Die Weltgesundheitsorganisation empfiehlt, die Bildschirmzeit für 2- bis 4-Jährige auf eine Stunde pro Tag und für 5- bis 17-Jährige auf zwei Stunden pro Tag zu begrenzen.
(In Frankreich veröffentlichten im April 2025 fünf wissenschaftliche Gesellschaften – die Französische Gesellschaft für Pädiatrie, die Französische Gesellschaft für öffentliche Gesundheit, die Französische Gesellschaft für Kinder- und Jugendpsychiatrie, die Französische Gesellschaft für Augenheilkunde und die Französische Gesellschaft für Gesundheit und Umwelt – eine Plattform mit dem Titel „Bildschirmbasierte Aktivitäten sind für Kinder unter 6 Jahren nicht geeignet: Sie beeinträchtigen dauerhaft ihre intellektuellen Fähigkeiten“. Ein Jahr zuvor hatte die Arbeitskommission für Bildschirme ihren Bericht vorgelegt und empfohlen, „Bildschirme und ihre Nutzung altersgerecht zu begrenzen“ und wollte „Erwachsene zu bewährten Praktiken anleiten“, mit dem Slogan „Keine Bildschirme vor 3 Jahren“, was von den Organisationen, die den Text der Plattform vom April 2025 unterzeichnet hatten, als unzureichend erachtet wurde, Anm. d. Red.)
Der Bildschirm ist nicht der FeindZu behaupten, Bildschirme seien an sich „schädlich“, wäre ebenso merkwürdig wie die Behauptung, Papier sei gefährlich, weil man darauf jede Art von Buch drucken kann, auch anstößige. Entscheidend ist nicht das Medium, sondern der Inhalt, der Kontext und die Qualität der Interaktion mit dem Medium.

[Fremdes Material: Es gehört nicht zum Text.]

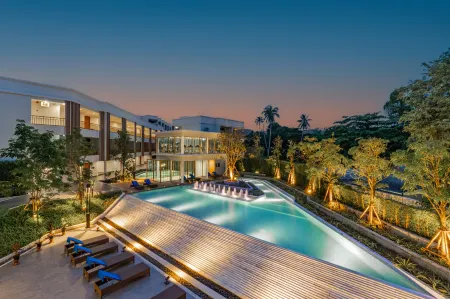 Bella Nara Phuket Naiyang Beach Отели рядом с достопримечательностью «Sai Kaew Beach»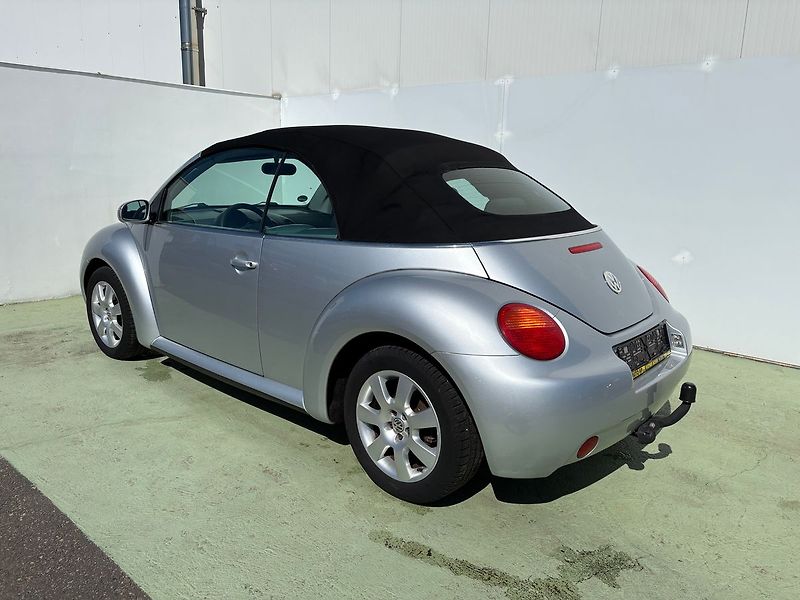 Volkswagen New Beetle 1.4, 55kW, Klima, Tažné - fotka 4 z 16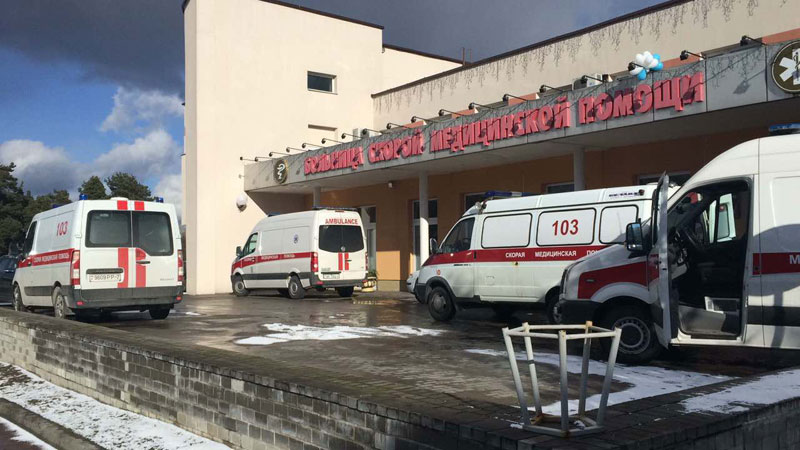 Троих пострадавших во время ЧП в Скиделе перевозят на реанимобилях в Республиканский ожоговый центр в Минск в сопровождение ГАИ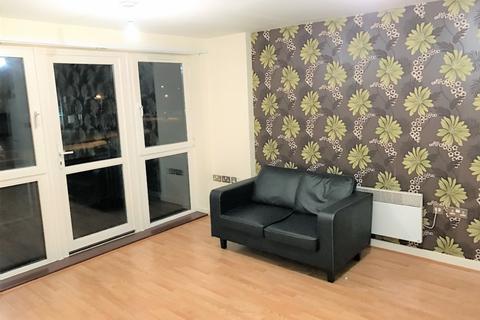 3 bedroom flat to rent, Clapton, London E5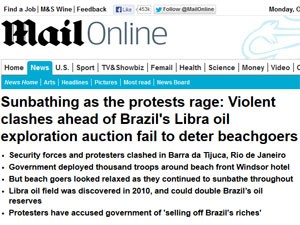 Site do Daily Mail destacou o banho de sol em meio aos protestos (Foto: Reprodução)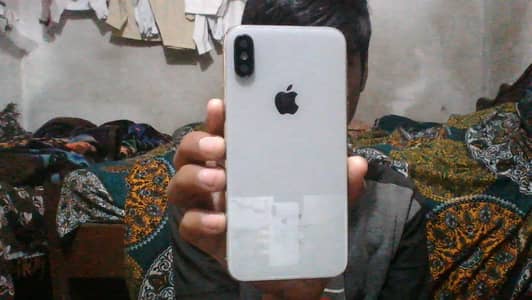 i phone  X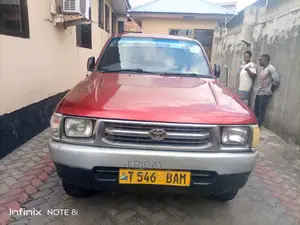 Toyota Hilux 2004 Red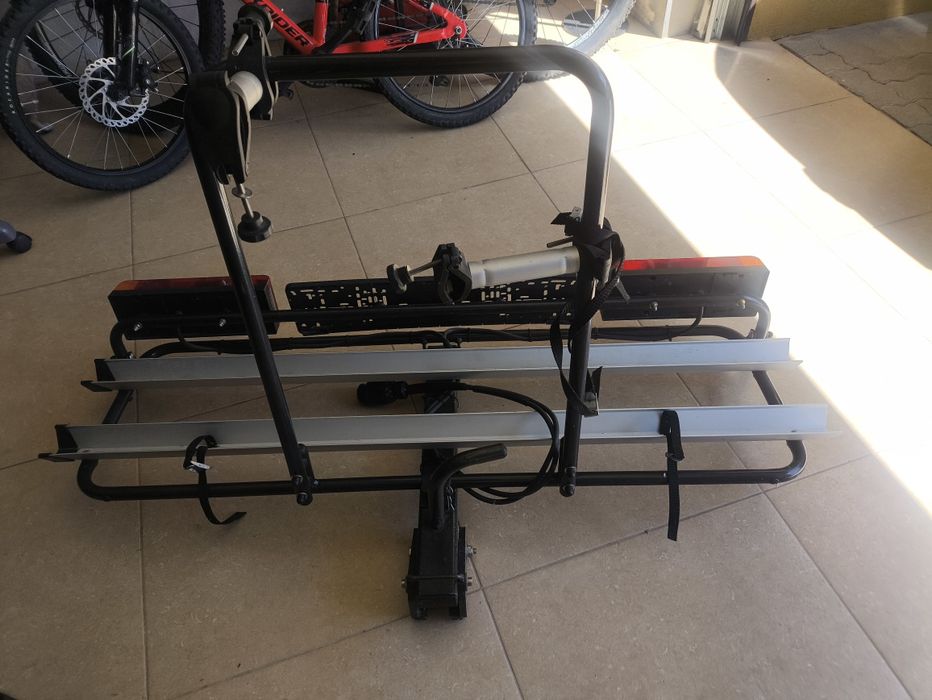 Porta bicicletas para bola de reboque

Die Herausforderung bei Bildschirmen besteht darin, ein Gleichgewicht zu finden, die Entwicklungsmeilensteine der Kinder zu respektieren und die Technologie zu einem Verbündeten zu machen – nicht zu einem Ersatz für Spiel, Interaktion und Experimentieren in der physischen Welt.